Mazda 3 (BM/BN) Instructieboekje (2013-2019): Portiersloten

WAARSCHUWING

Neem dus altijd alle kinderen en huisdieren met u mee of laat een verantwoordelijke persoon bij hen achter: Het alleen achterlaten van kinderen of huisdieren in een geparkeerde auto is gevaarlijk: Bij warm weer kan de temperatuur in een auto dusdanig hoog oplopen dat dit hersenbeschadiging of zelfs de dood kan veroorzaken.

Laat nooit de sleutel in uw auto achter wanneer er zich kinderen in bevinden en bewaar ze op een plaats waar uw kinderen ze niet kunnen vinden en er niet mee kunnen spelen: Het is gevaarlijk kinderen in een auto achter te laten waarvan de sleutel in het contact steekt. Dit kan tot gevolg hebben dat iemand ernstig letsel wordt toegebracht of zelfs tot een ongeluk met dodelijke afloop leiden.

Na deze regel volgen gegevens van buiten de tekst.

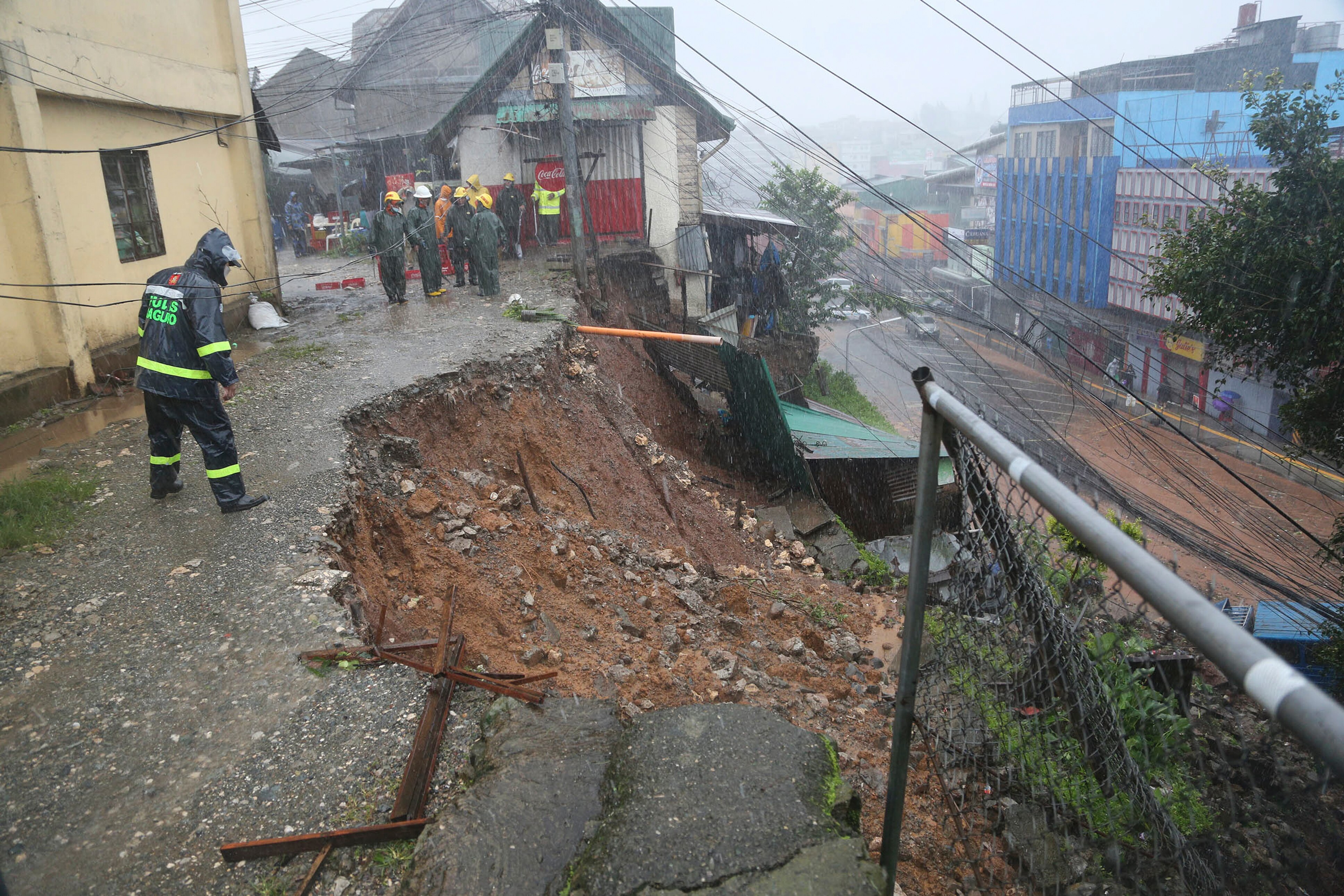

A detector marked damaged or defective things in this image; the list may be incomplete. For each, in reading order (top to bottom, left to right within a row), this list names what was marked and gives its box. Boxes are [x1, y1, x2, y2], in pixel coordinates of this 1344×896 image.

damaged fence post [883, 364, 944, 894]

Sluit altijd alle ramen en het schuifdak, vergrendel de portieren en de achterklep/het kofferdeksel en neem de sleutel met u mee wanneer u uw auto onbeheerd achterlaat: Het niet-vergrendeld achterlaten van uw auto is gevaarlijk, aangezien kinderen zich in een hete auto zouden kunnen opsluiten, hetgeen een dodelijke afloop kan hebben. Ook is een auto die niet vergrendeld is een gemakkelijk doelwit voor dieven en inbrekers.

Controleer altijd na het sluiten van de portieren en de achterklep/het kofferdeksel of deze goed gesloten zijn: Niet goed gesloten portieren en achterklep/het kofferdeksel zijn gevaarlijk. Als met de auto wordt gereden terwijl een van de portieren en de achterklep/het kofferdeksel niet goed gesloten is, kan het portier en de achterklep/het kofferdeksel plotseling open gaan en een ongeval veroorzaken.

Controleer alvorens een portier en de achterklep/het kofferdeksel te openen steeds de veiligheid rondom de auto: Het plotseling openen van een portier en de achterklep/het kofferdeksel is gevaarlijk. Dit kan een ongeval veroorzaken wanneer een passerende auto of voetganger geraakt wordt.

 

OPGELET Controleer altijd de situatie rondom de auto alvorens de portieren en de achterklep/het kofferdeksel te openen/ sluiten en wees voorzichtig bij harde wind of wanneer u op een helling parkeert. Niet goed letten op de situatie rondom de auto is gevaarlijk, omdat dan de kans bestaat dat vingers tussen het portier en de achterklep/ het kofferdeksel beklemd raken of een passerende voetganger geraakt wordt, wat een onvoorzien ongeval of letsel kan veroorzaken.

 

OPMERKING

  • Zet de motor altijd stop en sluit de portieren. Laat bovendien ter voorkoming van diefstal nooit waardevolle voorwerpen in het interieur achter.
  • Als de sleutel op de volgende plaatsen is achtergelaten en u de auto verlaat, bestaat de kans dat de portieren afhankelijk van de condities van de radiogolven vergrendeld worden, ook als de sleutel in de auto is achtergelaten.
  • Rondom het instrumentenpaneel
  • In een opbergvak zoals de handschoenenkast of de middenconsole
  • Op de hoedenplank (sedan)
  • Vlakbij communicatieapparatuur zoals een mobiele telefoon
  • De buitensluitingpreventiefunctie voorkomt dat u uwzelf uit de auto kunt buitensluiten.

     (Europees model)
     Alle portieren en de achterklep/ het kofferdeksel zullen automatisch ontgrendeld worden als deze vergrendeld worden met behulp van de centrale portiervergrendeling wanneer een van de portieren geopend is.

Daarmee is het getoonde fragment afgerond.